Gold Rebounds; Silver Follows
Futures on December gold delivery climbed to a session high of $1,495.50 a troy ounce on the Comex division of the New York Mercantile Exchange. The most actively traded futures contract was last up $9.20, or 0.6%, at $1,492.70 an ounce.
Bullion experienced a violent pullback on Tuesday and eventually fell below $1,480 as demand for precious metals declined. At one point, the contract was on track to re-test last month’s low.
Silver futures also rallied during Wednesday’s session, reaching a high of $17.49 an ounce. Comex silver was last up 4 cents, or 0.2%, at $17.43 an ounce.
Proxy for Consumer Spending Declines in September
U.S. retail sales – a key proxy for consumer spending that drives two-thirds of gross domestic product (GDP) – declined unexpectedly in September, the Department of Commerce reported Wednesday.
Receipts at retail stores fell 0.3% against expectations of a 0.3% increase. The August figure was revised up to reflect a spending increase of 0.6% from 0.4% reported last month.
Excluding automobiles, September receipts fell 0.1%, official data showed.
Retail sales have declined in four of the past 12 months, raising concerns that the consumer-driven economy is beginning to decelerate in the face of a prolonged trade war with China. Although the U.S. economy continues to outperform its global peers, there’s a growing worry that turbulence overseas will make its way to America.
The Federal Reserve is taking preemptive measures to ensure that doesn’t happen.
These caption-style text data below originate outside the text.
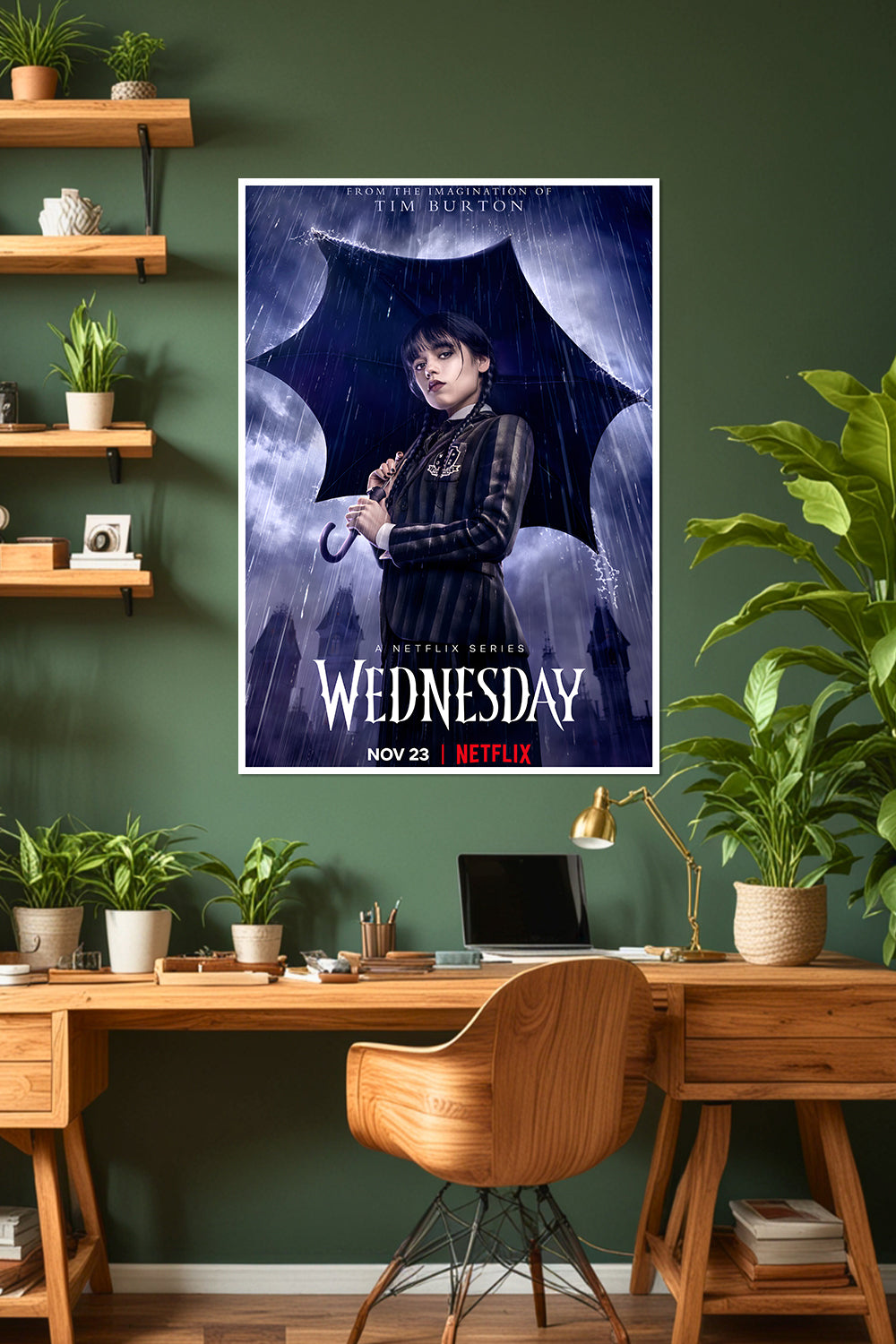 Wednesday | Wednesday Addams | TV-Series Poster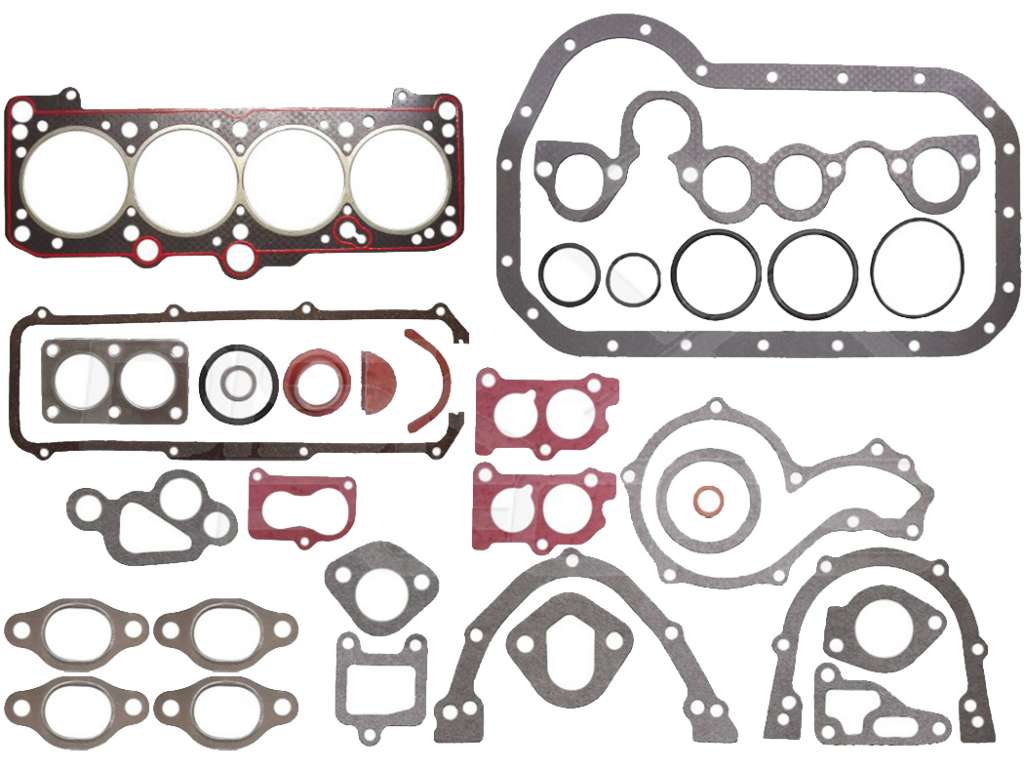 JUNTA JUEGO MOTOR VW GOL/ETC. ../95 1.6/1.8 C/RETENES NAFTA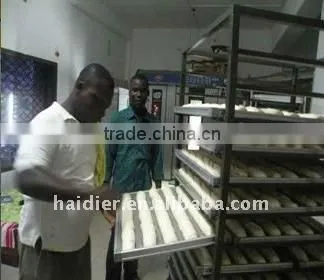 Baking Bread French Baguettes Moulder Moulding
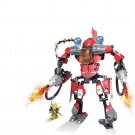 Fire Mech Minifigures Lego Compatible Ninjago Movie Sets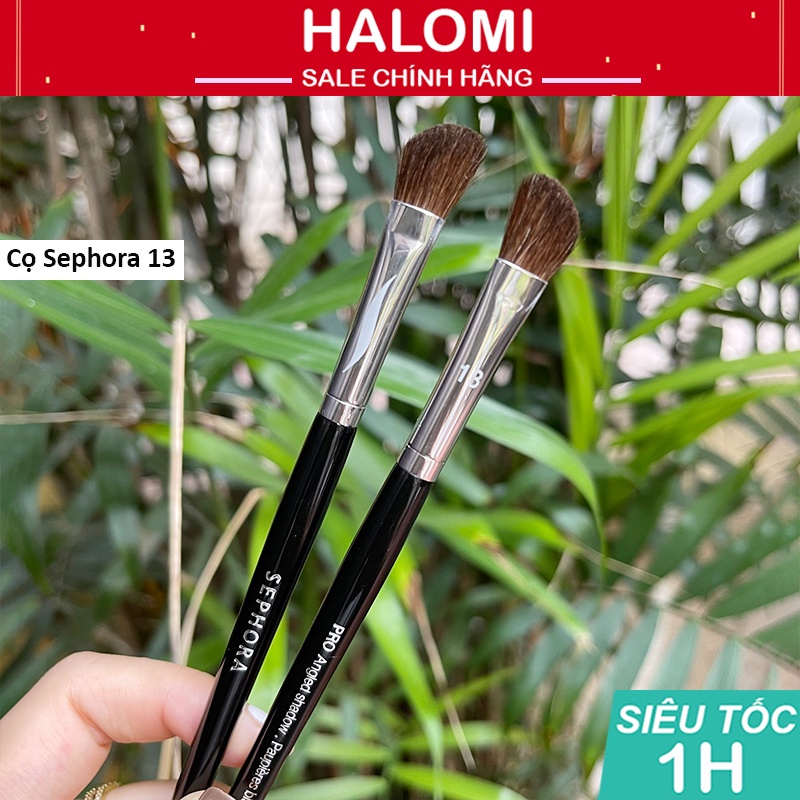 Cọ Sephora 13 đánh khối mũi đánh mắt lông mềm chuyên dùng cho makeup chuyên nghiệp HALOMI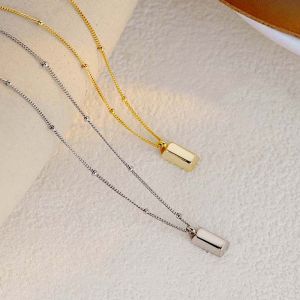 NEEUJ แฟชั่น วินเทจ ของขวัญ จี้ปาร์ตี้ เครื่องประดับหญิง อารมณ์ โซ่กระดูกไหปลาร้า สร้อยคอผู้หญิง Choker แท่งทอง สไตล์เกาหลี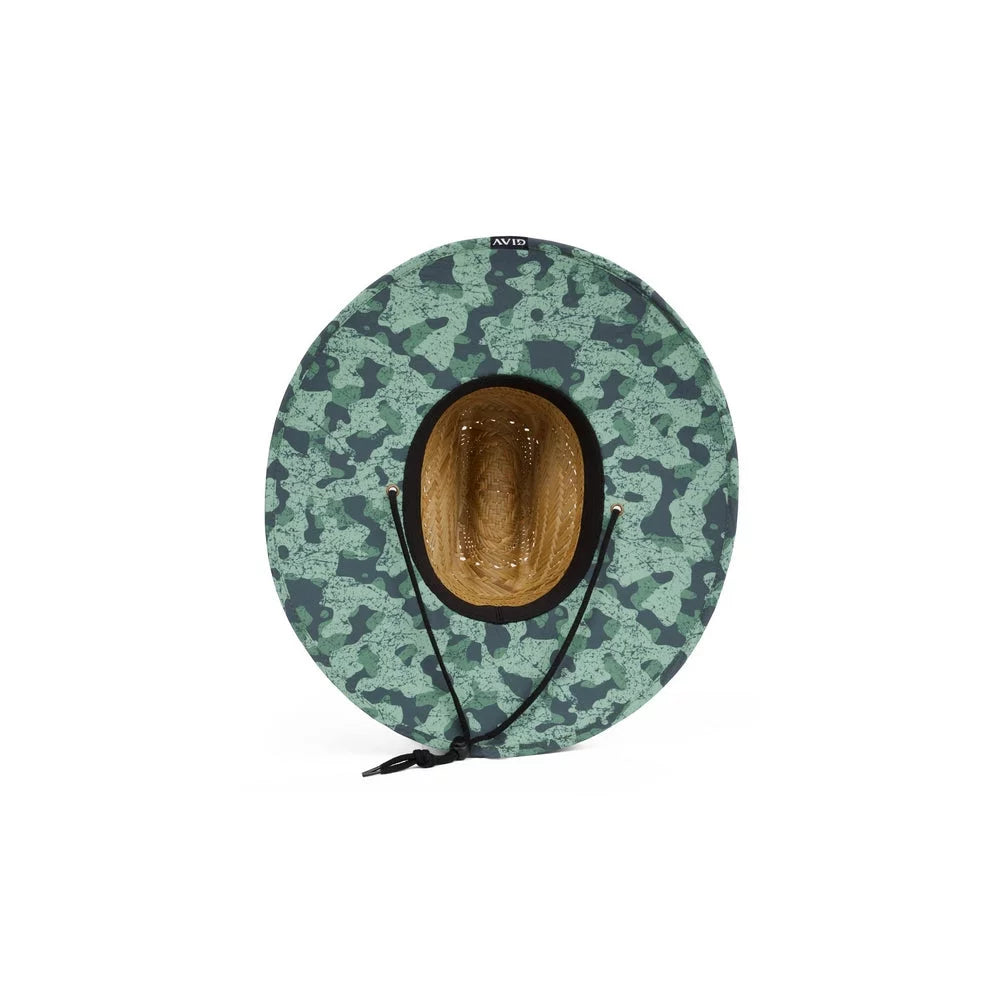 AVID Sundaze Straw Hat Shelter Aspen Mens Hats – Image 2
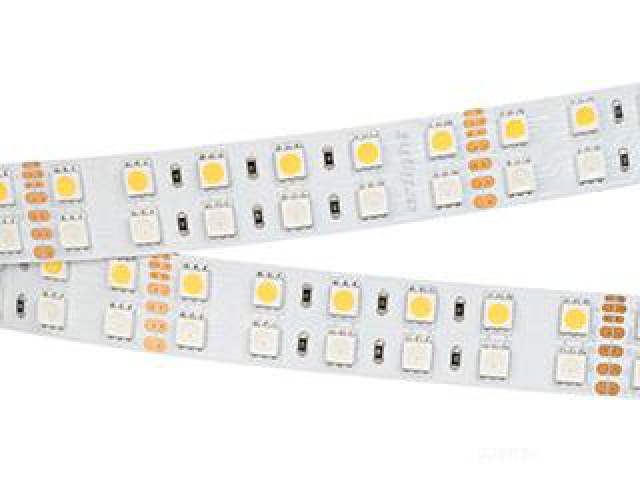 Лента RT-B144-19mm 24V RGBW-Day (32 W/m, IP20, 5m) (Arlight, -) фото:12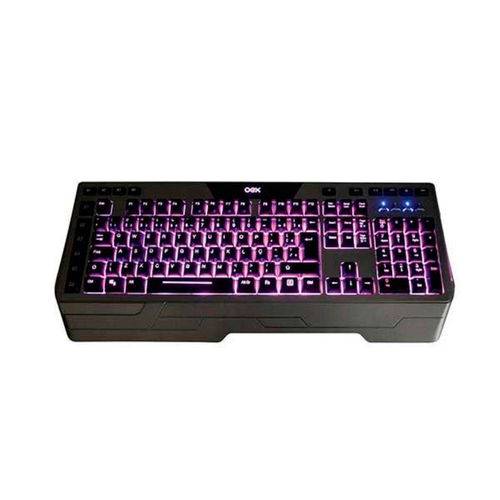 Assistência Técnica, SAC e Garantia do produto Teclado Gamer Macro Anti-ghosting Usb Led - Blade Tc203 Oex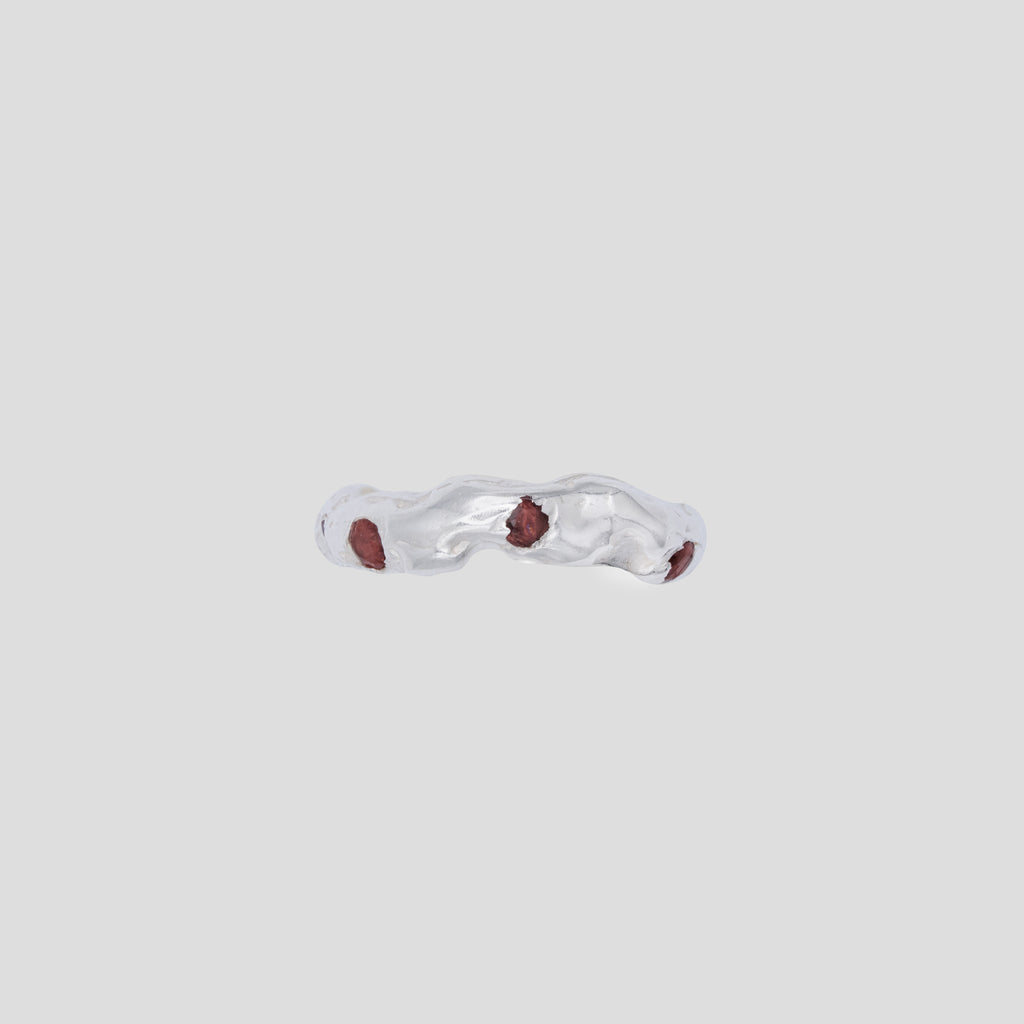 Melted Garnet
Central bankers have already cut interest rates twice this year, and many investors believe a third interest rate cut is on its way later this month.
On Wednesday, Chicago Fed President Charles Evans said two downward adjustments to interest rates are enough.
“I think policy probably is in a good place right now. All told, the growth outlook is good, and we have policy accommodation in place to support rising inflation,” he said in a speech in Illinois.
The long-term effects of ultra-low interest rates haven’t been studied thoroughly, but there’s a risk that central bankers are overstimulating a part of the economy that already got its life support following the financial crisis. With consumer debt levels rising, lowering interest rates may not be the silver bullet to revitalize growth.